# Spacy library

The spaCy library is a powerful and efficient library for natural language processing (NLP) in Python. It provides a range of tools and features for processing and analyzing textual data. 

In [1]:
import spacy
print(spacy.__version__)

3.7.5


The en_core_web_sm is a statistical model. 

We loaded `spaCy` model `en_core_web_sm` = `nlp` object

`nlp object` converts text into a `Doc` object (container) to store processed text. 

In [2]:
nlp = spacy.load("en_core_web_sm")

In [3]:
# check the type of nlp object
type(nlp)

spacy.lang.en.English

## Tokenization
A `Token` is defined as the smallest meaningful part of the text. 

Tokenization: the process of dividing a text into a list of meaningful tokens. 

### Tokenization with spaCy

In [4]:
# Sample sentence.
text = "Jack didn't want to pay Annie 100$ for this book."
doc = nlp(text)

In [5]:
print([token.text for token in doc])

['Jack', 'did', "n't", 'want', 'to', 'pay', 'Annie', '100', '$', 'for', 'this', 'book', '.']


Note how
- "didn't" is separated into "did"  and "n't".
- the currency symbol and amount are separated.
- the period at the end of the sentence is its own token.

The `doc` object can be indexed and sliced like a regular list.

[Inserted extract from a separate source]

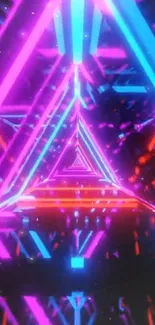 Neon triangle light tunnel with vibrant colors.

The `dic` object contains `Token` and `Span` objects, which offer different views into the text.

In [6]:
# We can view an individual token by indexing into the Doc object.
print(doc[0])

Jack


In [7]:
# A Doc object is a container of other objects, namely Token and Span objects.
print(type(doc[0]))

<class 'spacy.tokens.token.Token'>


In [8]:
# Slicing a Doc object returns a Span object.
print(doc[0:3])
print(type(doc[0:3]))

Jack didn't
<class 'spacy.tokens.span.Span'>


In [9]:
# Access a token's index in a sentence through i attribute.
print([(t.text, t.i) for t in doc])

[('Jack', 0), ('did', 1), ("n't", 2), ('want', 3), ('to', 4), ('pay', 5), ('Annie', 6), ('100', 7), ('$', 8), ('for', 9), ('this', 10), ('book', 11), ('.', 12)]


Spacy's tokenization is _non-destructive_, which means the original input can be reconstructed from the tokens.

In [10]:
# You can view the original input like so:
print(doc.text)

Jack didn't want to pay Annie 100$ for this book.


### Exercise

EXERCISE 1:
1) Tokenize the following text
2) Iterate through the tokens to check whether there's a currency symbol.
3) If there is, and the currency label is followed by a number, print both the symbol and the number.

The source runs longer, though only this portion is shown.